##### Data for review #####

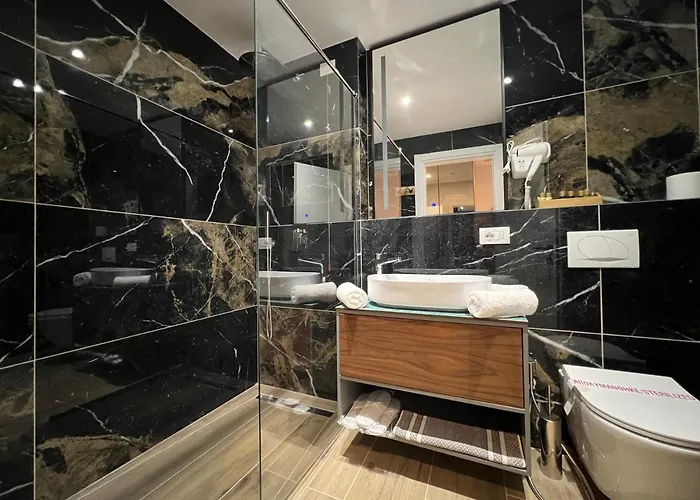 فندق Domus & Shëngjin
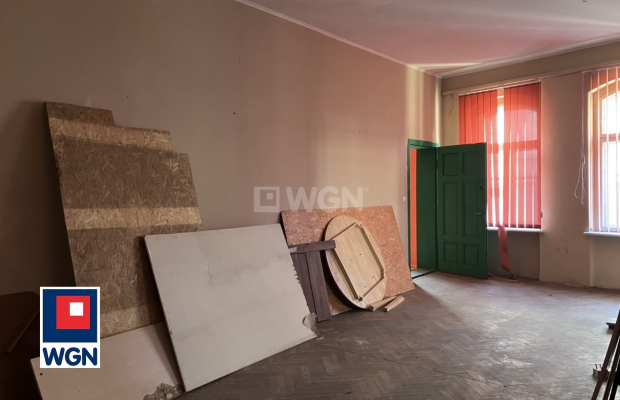 Żary, lokal usługowy, 104,8 m2, sprzedam, 225 000zł.  
  
Na sprzedaż lokal zlokalizowany na skrzyżowaniu ulicy Zakopiańskiej i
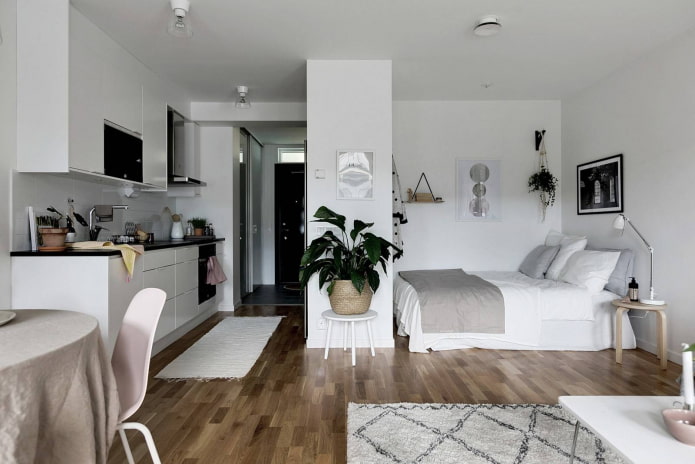 Décoration blanche comme neige dans un studio scandinave
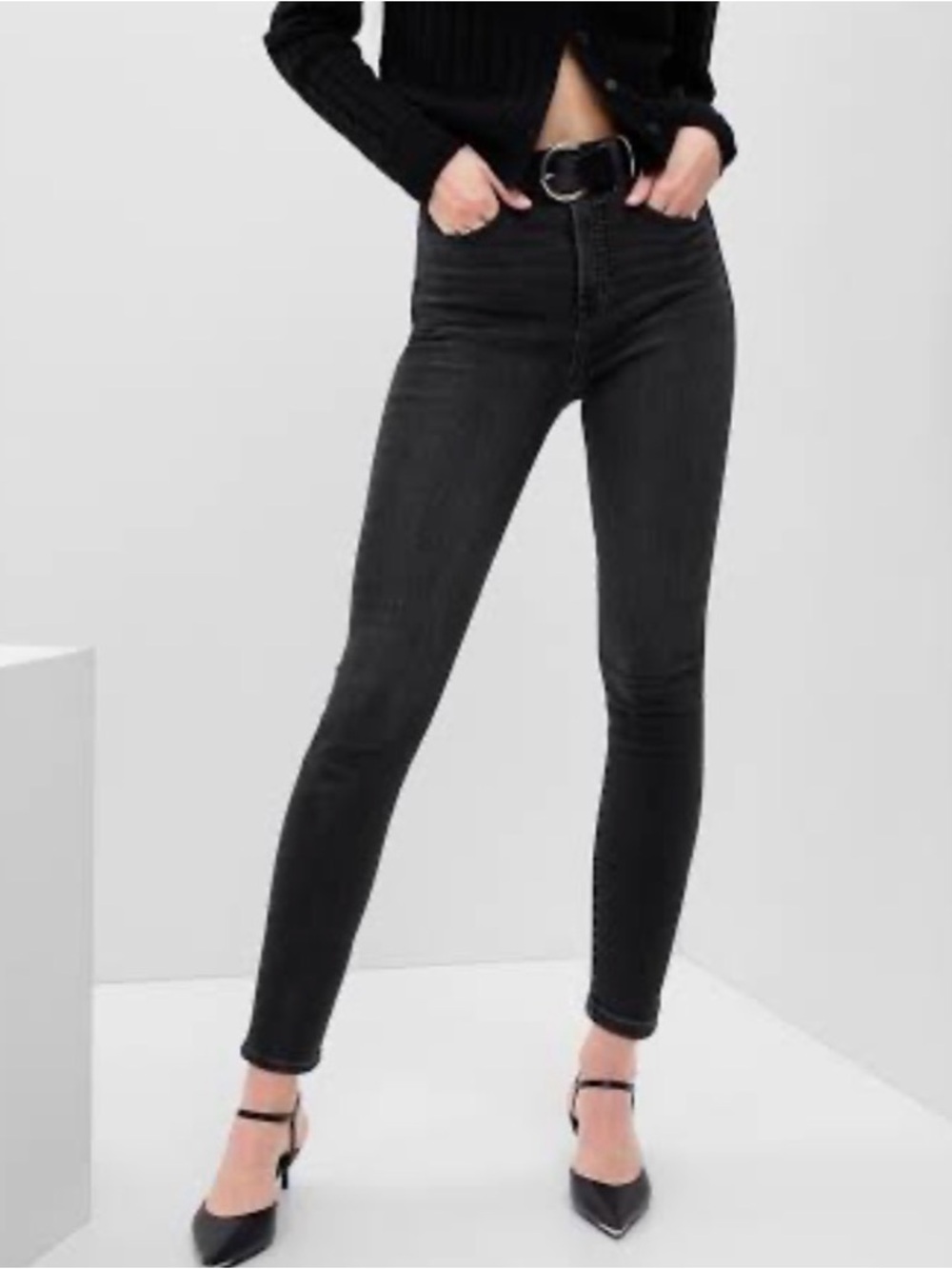 GAP Black Skinny Jeans with Classic Five-Pocket Design 381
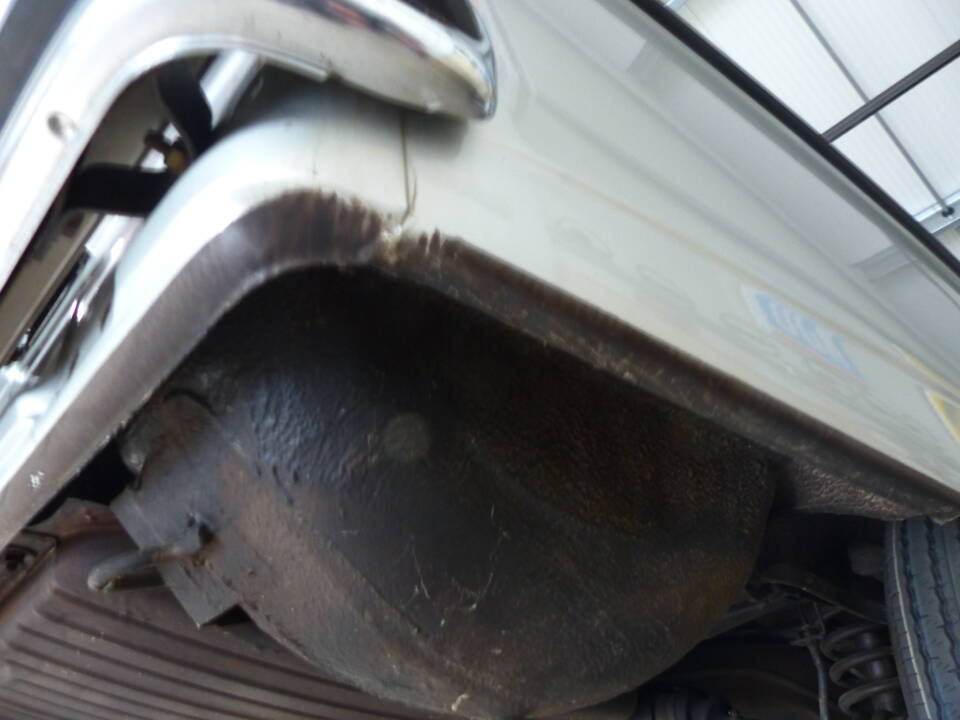 Image 50/63 of Mercedes-Benz 230&#x2F;6 (1974)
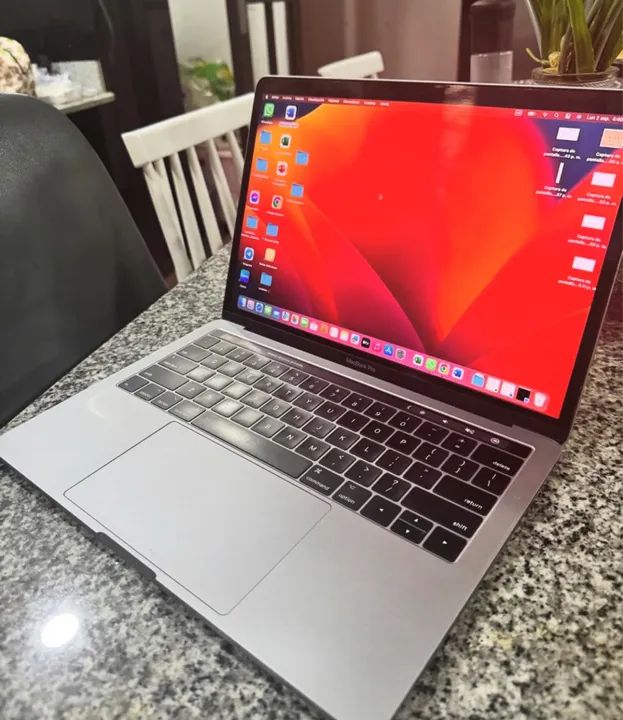 Promoção MacBook Pro 13.3 2017 i5 8GB / 256SSD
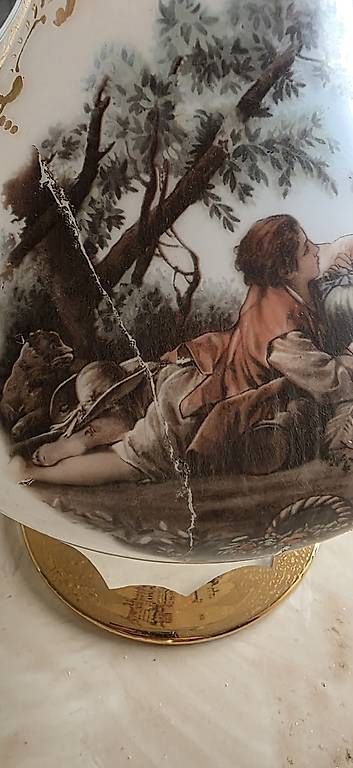 Vase & Récipients: Traumhafte Bauchvase auf Sockel – D'occasion à Kaufdorf par Nati-Nati 4
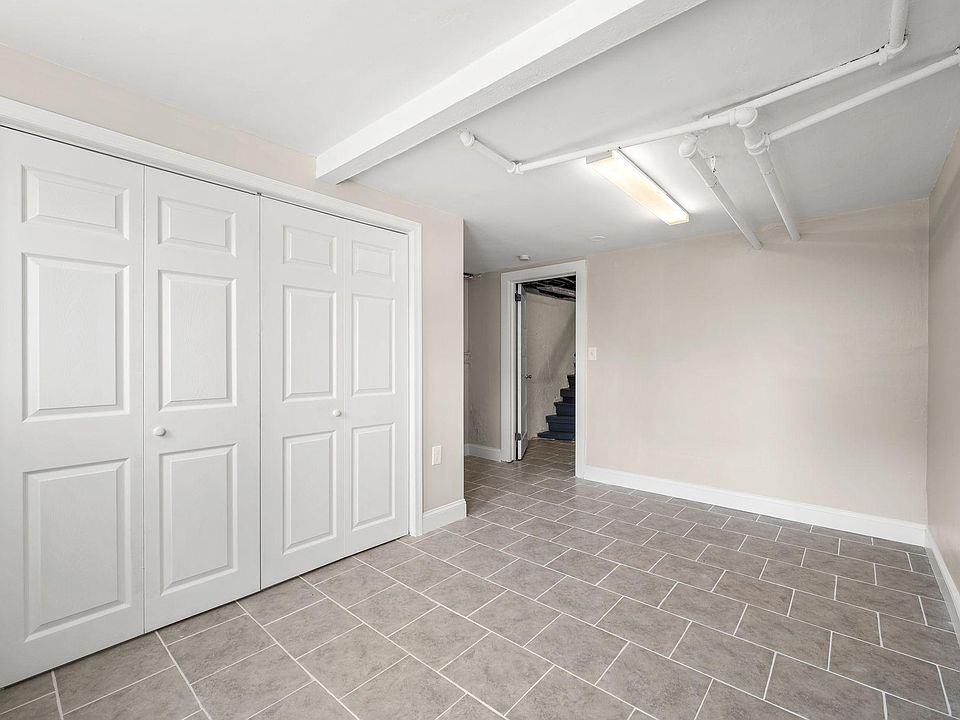 1st image of 120 Bradford Ave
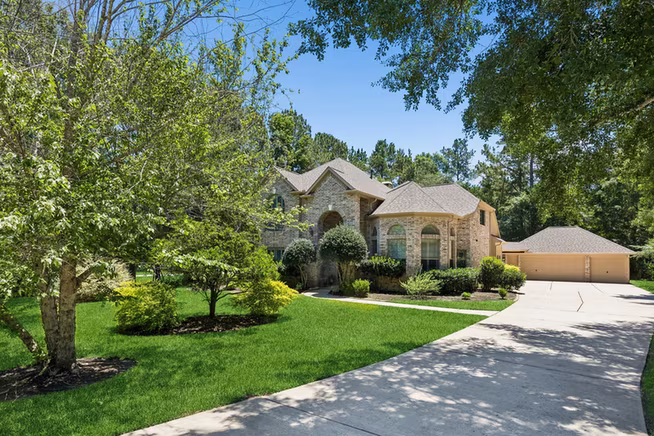 Photo of 8978 Willow Springs Lane, Conroe, TX 77302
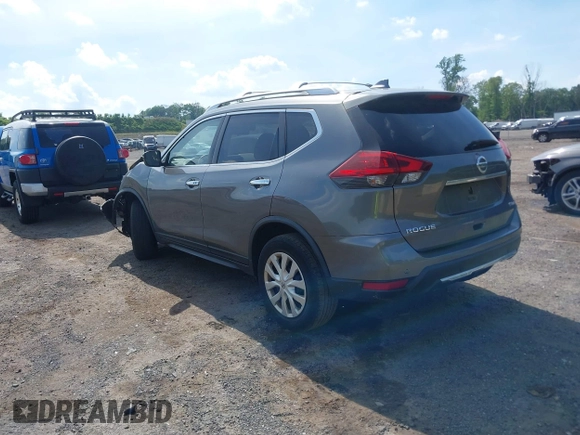 2019 Nissan Rogue SV with VIN JN8AT2MVXKW379512, listed as a IAAI auction lot 39550823 with 72,227 mi miles. Bid and sale history available at carsss.com. Image 3.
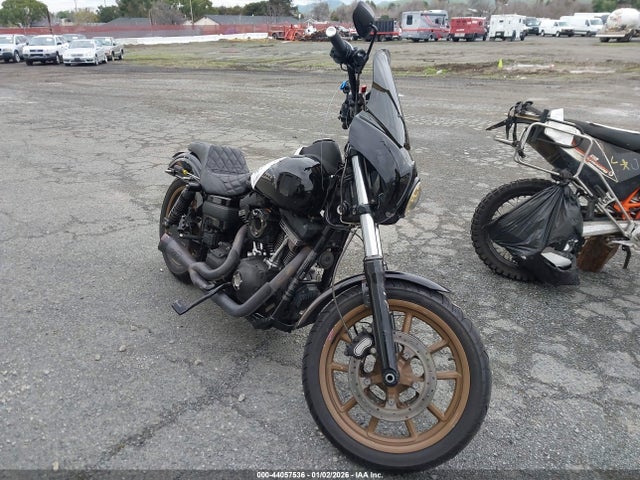 2016 HARLEY-DAVIDSON FXDLS 1HD1GS822GC328240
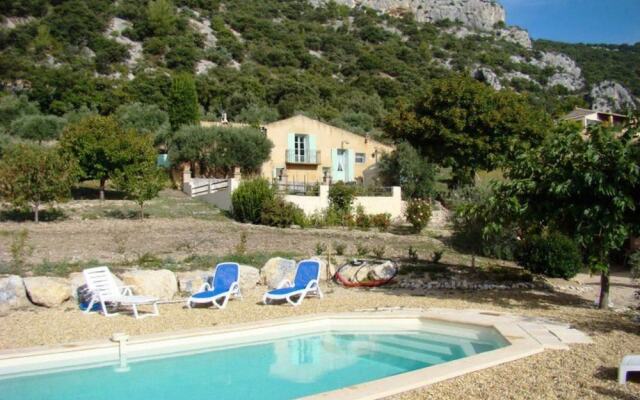 Pertuade - Mas de vacances en location avec piscine privée - Luberon -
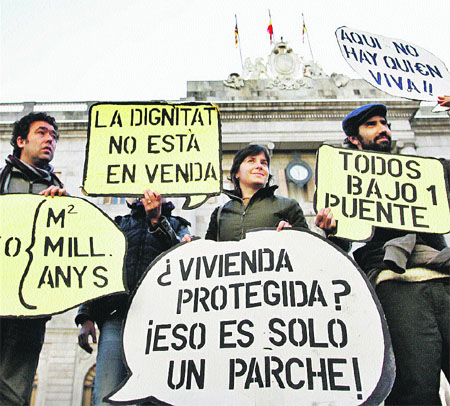 Barcelona veta l’acampada a favor d’un habitatge digne Barcelona veta l’acampada a favor d’un habitatge digne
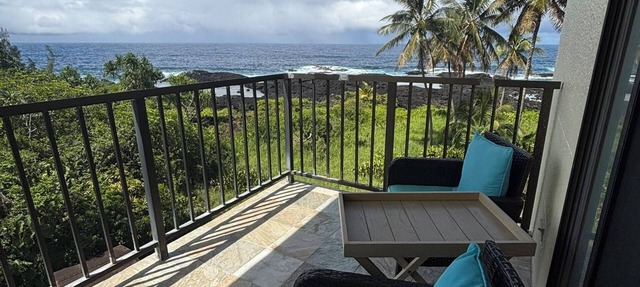 Stunning Ocean Front views, 2-bedroom condo w/lanai next to Richardson's Beach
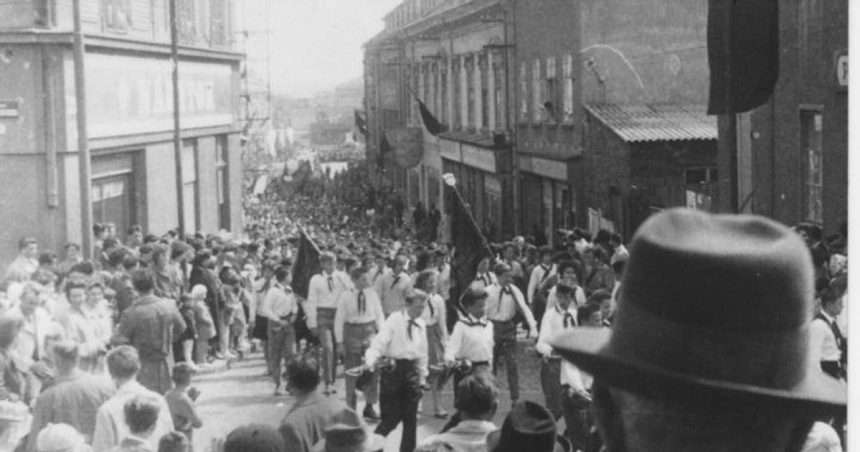 Hesla nacviciovali v skole mavatka odovzdali za tribunou sudruzke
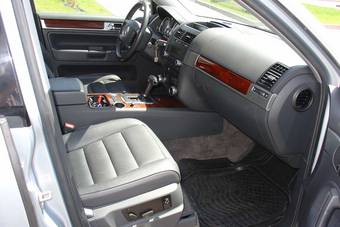 2004 Volkswagen Touareg Pics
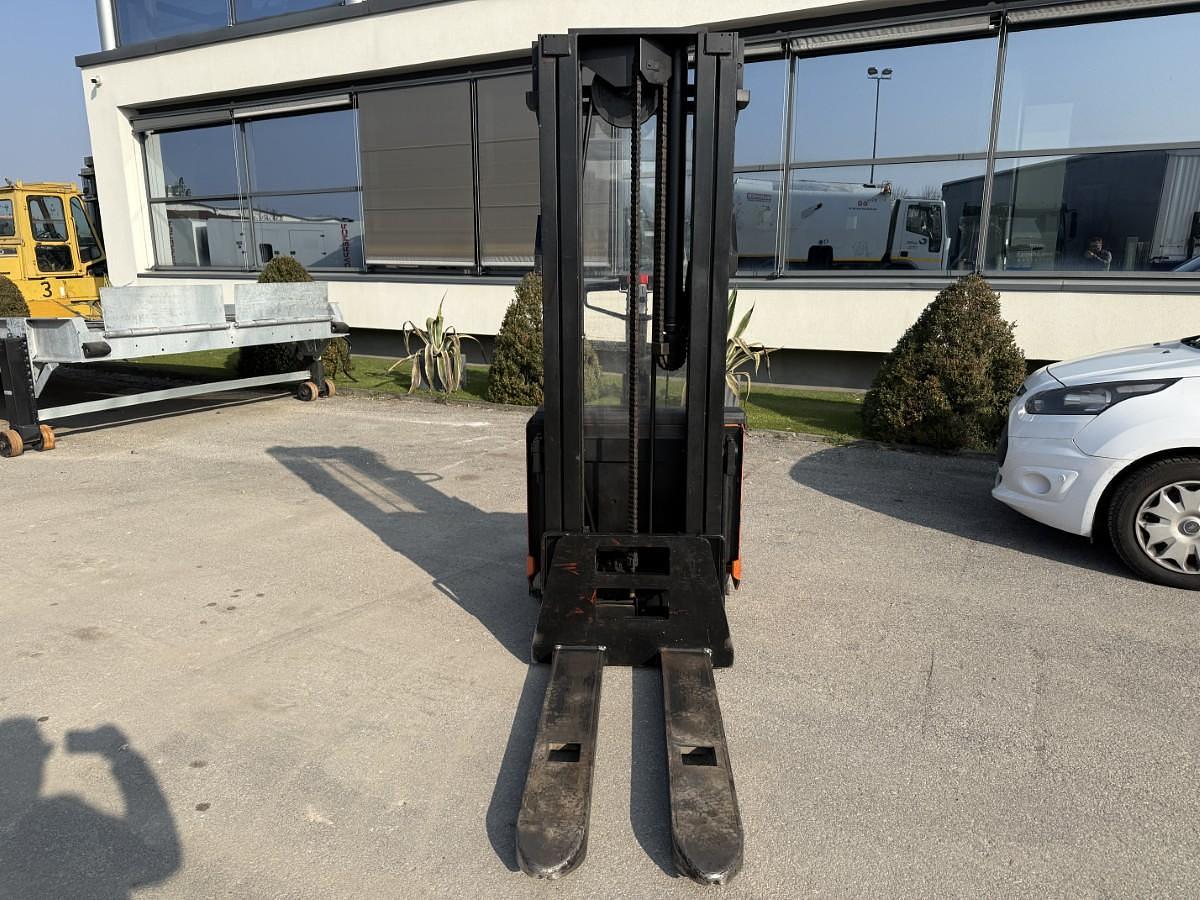 Usato 2002 TOYOTA SLL16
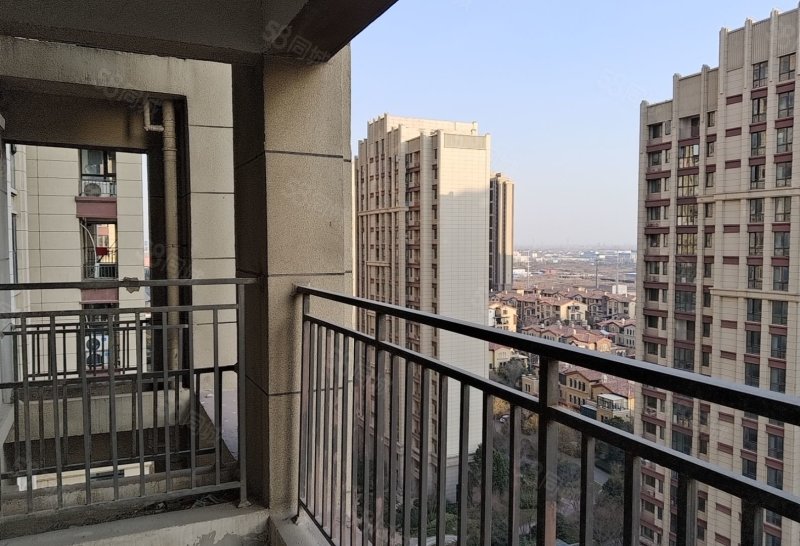 信华城一期(公寓住宅)2室2厅1卫90.91㎡南58万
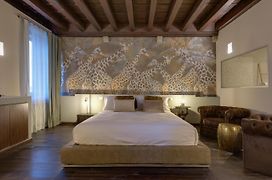 Palazzo Duomo Elegant Suites with WiFi&AC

#####

▶ **Exercise goal**:
Although the records hold pictures, the copy must not; give again exactly the lines from the one with "Pertuade - Mas" through the one with "Stunning Ocean Front".

▶ **Reply**:
 Pertuade - Mas de vacances en location avec piscine privée - Luberon -
 Barcelona veta l’acampada a favor d’un habitatge digne Barcelona veta l’acampada a favor d’un habitatge digne
 Stunning Ocean Front views, 2-bedroom condo w/lanai next to Richardson's Beach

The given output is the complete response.